El fariseo, de pie, oraba así: 'Dios mío, te doy gracias porque no soy como los demás hombres, que son ladrones, injustos y adúlteros; ni tampoco como ese publicano.
Ayuno dos veces por semana y pago la décima parte de todas mis entradas'.
En cambio el publicano, manteniéndose a distancia, no se animaba siquiera a levantar los ojos al cielo, sino que se golpeaba el pecho, diciendo: ¡Dios mío, ten piedad de mí, que soy un pecador!'.
Les aseguro que este último volvió a su casa justificado, pero no el primero. Porque todo el que se ensalza será humillado y el que se humilla será ensalzado".
El argumento de la parábola es muy simple y se lo puede entender sin ninguna dificultad: hay dos personas que rezan de distinta manera y solamente hay que prestar atención a quiénes son y qué es lo que están diciendo.
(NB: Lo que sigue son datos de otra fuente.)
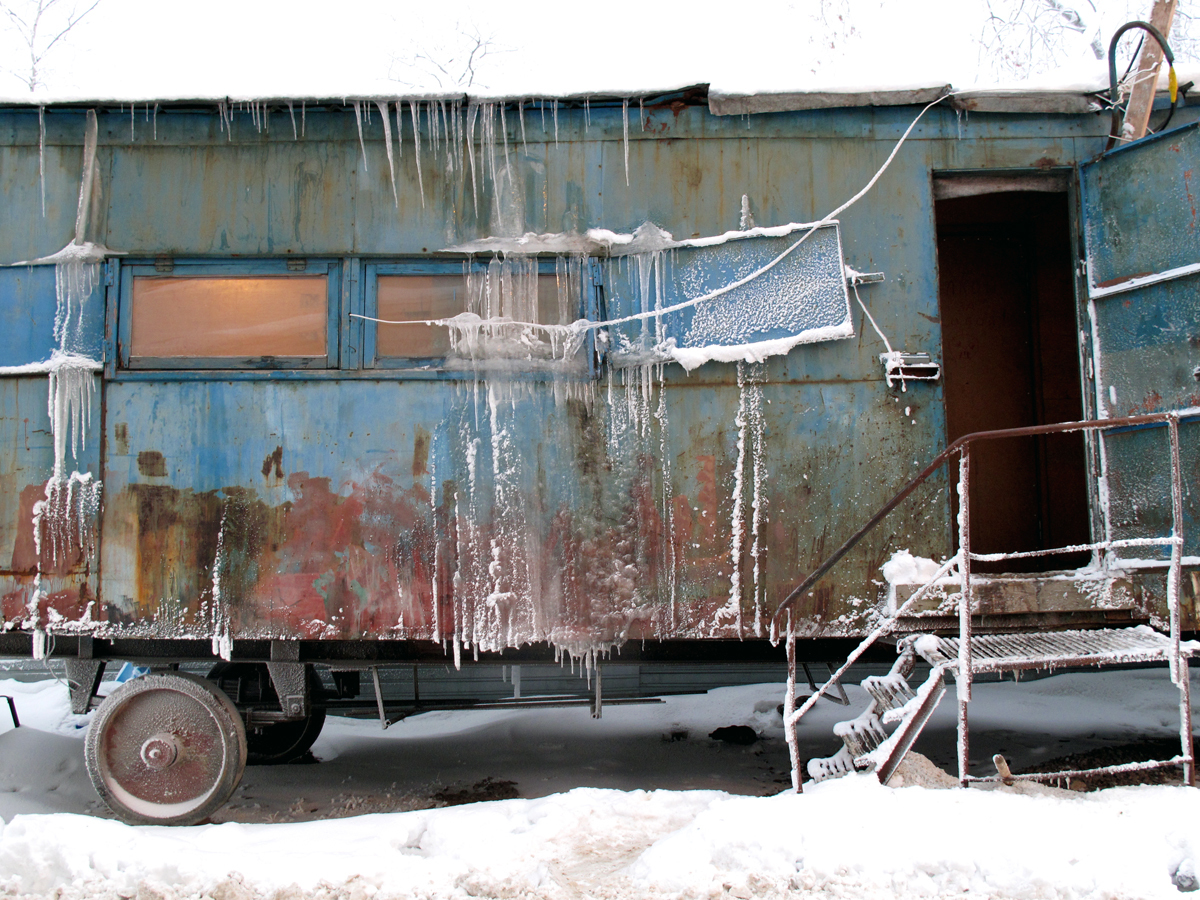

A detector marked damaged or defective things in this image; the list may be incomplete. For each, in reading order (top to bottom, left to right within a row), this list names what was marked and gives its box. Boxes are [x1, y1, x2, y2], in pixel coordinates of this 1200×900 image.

rusty metal wall [2, 98, 1190, 652]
Los fariseos eran los miembros de un partido político-religioso que comenzó a existir aproximadamente un siglo antes del nacimiento de Jesús. Ellos estaban muy preocupados porque veían que los paganos y los enemigos de la religión hacían toda clase de esfuerzos para impedir el culto al Verdadero Dios: con la enseñanza y con el ejemplo, con amenazas y persecuciones, buscaban la forma para que los judíos adoptaran las costumbres y las formas de pensar y actuar de los paganos. Los judíos más piadosos se unieron y formaron un partido que se empeñó en conservar la religión. Este era el partido de los Fariseos.
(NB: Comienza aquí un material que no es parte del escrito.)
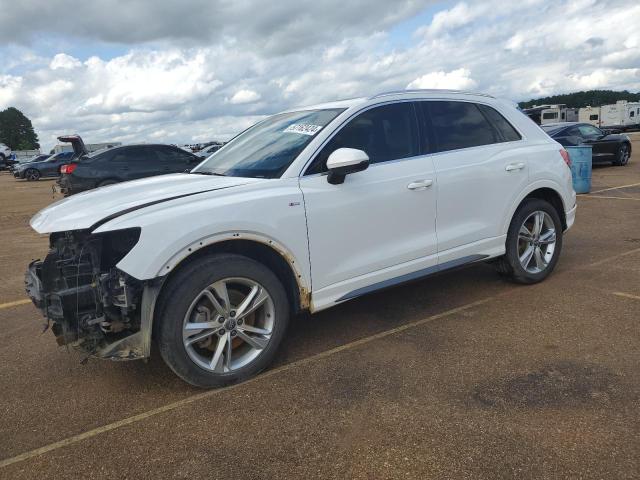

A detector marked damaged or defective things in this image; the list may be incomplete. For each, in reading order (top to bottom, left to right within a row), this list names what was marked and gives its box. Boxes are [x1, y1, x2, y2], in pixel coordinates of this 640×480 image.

crushed front bumper area [24, 229, 151, 360]
damaged front end [25, 228, 156, 360]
Cada uno de los fariseos se preocupaba por estudiar a fondo la religión heredada de los antepasados. Tenían como ideal llegar a conocer todo lo que decía la Biblia y todo lo que se conocía Y practicaba por tradición. Ponían mucho cuidado en cumplir todas las leyes de Dios y las tradiciones religiosas hasta en sus más pequeños detalles. Y esto lo hacían también para que los demás aprendieran a hacer lo mismo. Al mismo tiempo que se destacaban por este cumplimiento tan exigente, los fariseos se caracterizaban también por su oposición a las novedades: cuando alguien decía o hacía algo que no era tradicional, o no era igual a lo que habían hecho en la antigüedad, los fariseos ya sospechaban que se podía tratar de un desvío de la verdadera religión. "¿Esta nueva forma de hablar o de actuar no será una forma más o memos oculta que tienen los paganos para introducirse entre nosotros y destruirnos?"
Con respecto a esto último tenemos muchos ejemplos en el Evangelio: ¡cuántas veces los fariseos se opusieron a Jesús y discutieron con El porque decía cosas que no habían dicho otros maestros de épocas anteriores!
Se puede ver fácilmente cómo los fariseos tenían ideales muy nobles. Su forma de estudiar y de actuar también era buena, pero sin embargo encerraba un peligro muy grande: con mucha frecuencia caían en la vanidad y en la arrogancia de creerse más buenos y más santos que los otros. Así también su temor a las novedades los cerró en más de una ocasión para que algunos de ellos no pudieran sentir el soplo renovador del Espíritu de Dios.
EL OTRO ERA PUBLICANO
Los cobradores de impuestos o publicanos como se los llama muchas veces, eran un gremio que se encontraba en el polo opuesto de los fariseos. No eran un partido político sino una categoría social: personas que trabajaban en este oficio que existe hasta en nuestros días. Pero las condiciones políticas de esos años hacían que el ser cobrador de impuestos fuera considerado como un pecado gravísimo. En la época en que Jesús predicaba, los judíos habían perdido su independencia. Los romanos habían tomado el poder y gobernaban sobre el reino que había pasado a ser una provincia del Imperio. Los judíos no soportaban esa invasión ni esa opresión: odiaban a los romanos y hacían esfuerzos por liberarse de ellos. Constantemente había intentos revolucionarios e incluso había grupos terroristas que trataban de conseguir nuevamente la libertad. Además los romanos eran paganos: en sus costumbres y en su religión eran todo lo opuesto al judaísmo.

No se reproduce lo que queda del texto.